Seeing the longtime members of the Church live and remain true to the gospel was a great strength to Elder Koch. One of the bishops in his youth, Bishop Brassanini, made an impact. “He didn’t know how to read or write, but he learned after he became the bishop in his 70s,” said Elder Koch. “I later served as his bishop in the same ward. When he could no longer attend church, I would take the sacrament to him. I spoke at his funeral when he passed away. It was very touching, for he was my first bishop and I was his last.”
After completing a full-time mission in the Brazil São Paulo North Mission, Elder Koch studied statistics at BYU in Provo, Utah. “On a trip back to Brazil, I visited the ward of a friend,” said Elder Koch. “I saw a beautiful girl walk by while I was talking to some guys in the ward. I asked them who this beautiful girl was. They told me I had no chance with her because everyone wanted to date her.“
Within a few minutes Michele Ludwig walked up to the group. Everything went silent. She said her first words to him were, “Are you married?” Elder Koch said, “I told her no and immediately asked her to go to the shopping mall the next day.”
After an eight-month, long-distance courtship—and only 15 actual days together—Elder Koch married Michele Ludwig on April 26, 1988, in the São Paulo Brazil Temple.
Additionally, Sister Koch said that her aunt and uncle had come to visit the weekend she met her husband and she had to decide whether or not to go to church or stay home and visit with them. She went to church. Had she stayed home, she may have never met her future husband.
Another faith-building experience happened to the Kochs just after their marriage. “We just got married and were staying in the Church-sponsored dormitories near the temple when there was a knock on the door,” said Elder Koch. The visitor at the door was President Gordon B. Hinckley, then Elder Hinckley, and his wife, Sister Marjorie Hinckley.
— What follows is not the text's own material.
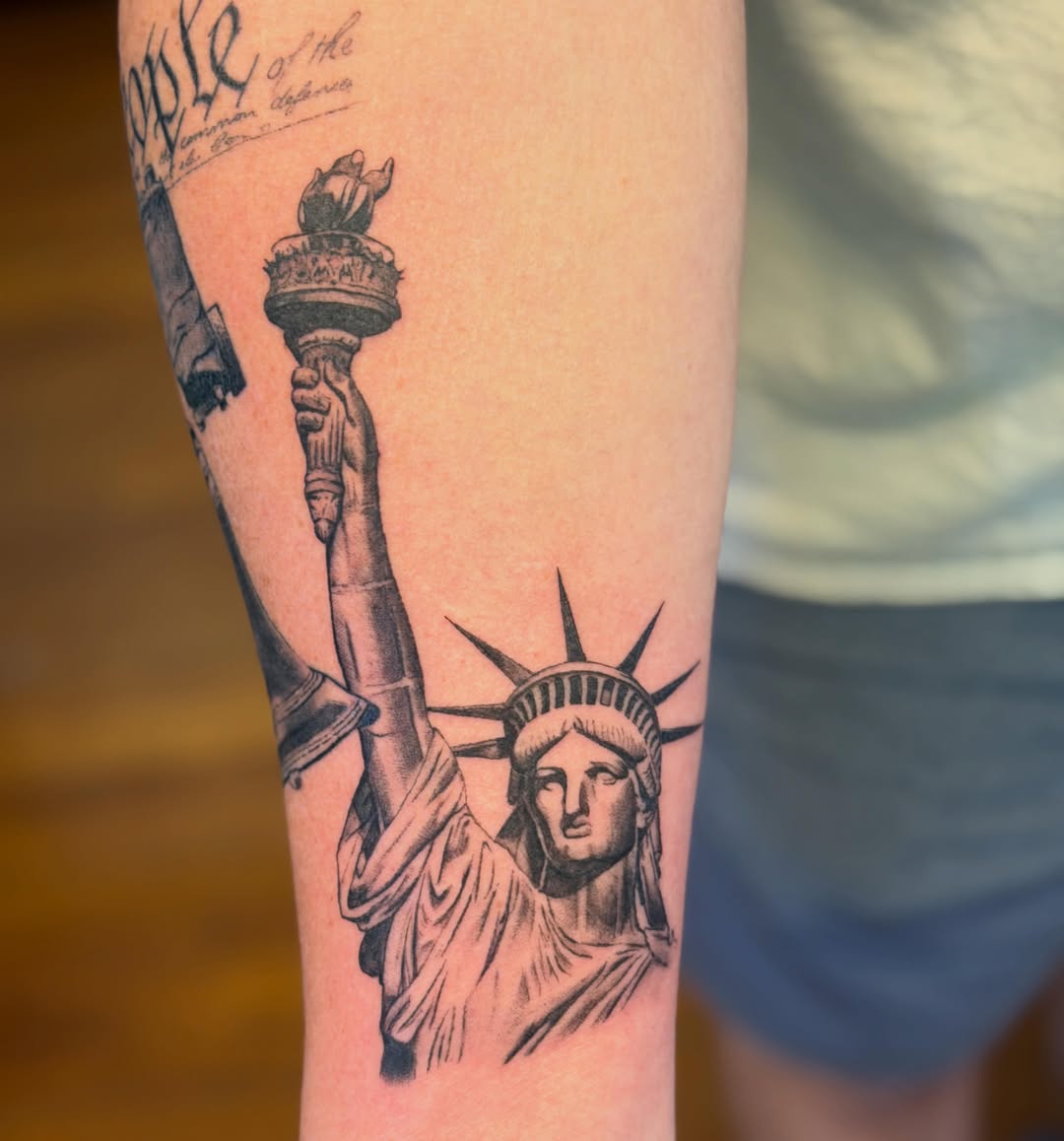 Statue of liberty black and grey tattoo on the forearm by Raul Najera Tattoo, Plano, Texas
“We were shocked,” said Elder Koch. “They had randomly knocked on a door so they could talk with members. They spent quite a bit of time with us talking about eternal marriage and congratulating us. President Hinckley also found out we spoke German, so when he left, he said, ‘Auf wiedersehen’ which means ‘until we see each other again.’
“I thought for sure I would never see him again in my life, but 20 years later when I was called as an Area Seventy, I ended up at a meeting seated at the same table with him. President Hinckley went around and asked everyone to share an experience. I told him the story about his visit with us at the temple and his German farewell ‘until we see each other again.’ He was prophetic. His words came true.”
A testimony-building experience for Sister Koch occurred when she quit her job as a nutritionist in order to take care of her mother with Alzheimer’s disease. “I dedicated most of my time to help her stay alive and well,” Sister Koch said. “I learned a great deal about love, compassion, and service during that time. It was not easy at all, but it helped me to be sympathetic to others. It was a great experience.”
By following the example of their parents and leaders and the teachings of the gospel of Jesus Christ, the Kochs built strong testimonies. “We are simple people who just try our best to live the gospel,” said Elder Koch. “I can’t point to an exact moment in my life where I knew the gospel was true. Rather, my testimony was built gradually over time through spiritual experiences received through gospel living.”